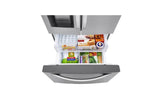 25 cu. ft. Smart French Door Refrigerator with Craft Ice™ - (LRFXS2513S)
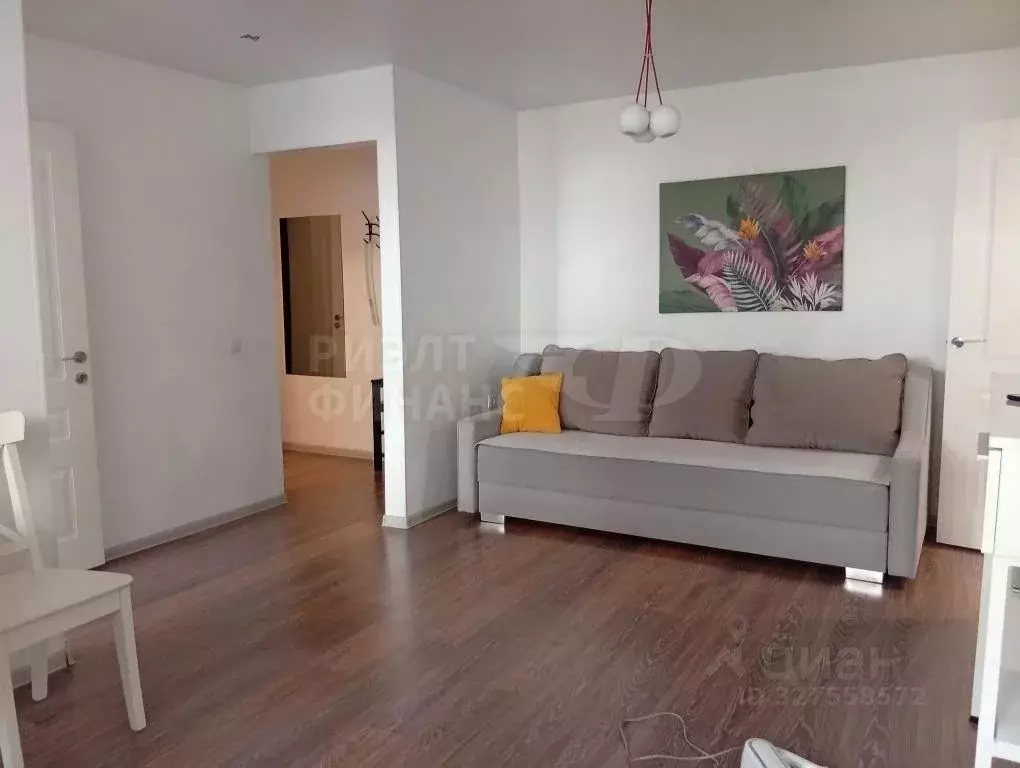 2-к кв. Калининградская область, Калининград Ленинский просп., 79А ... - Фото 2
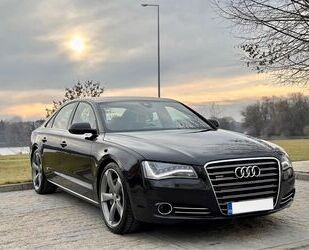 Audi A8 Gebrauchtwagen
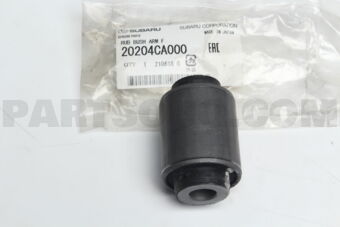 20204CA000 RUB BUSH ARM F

^^^^

**WHAT YOU SHOULD DO:**
Quote in full the listing given above; the images are to be left out.

**ANSWER FOR THE TASK:**
 25 cu. ft. Smart French Door Refrigerator with Craft Ice™ - (LRFXS2513S)
 2-к кв. Калининградская область, Калининград Ленинский просп., 79А ... - Фото 2
 Audi A8 Gebrauchtwagen
 20204CA000 RUB BUSH ARM F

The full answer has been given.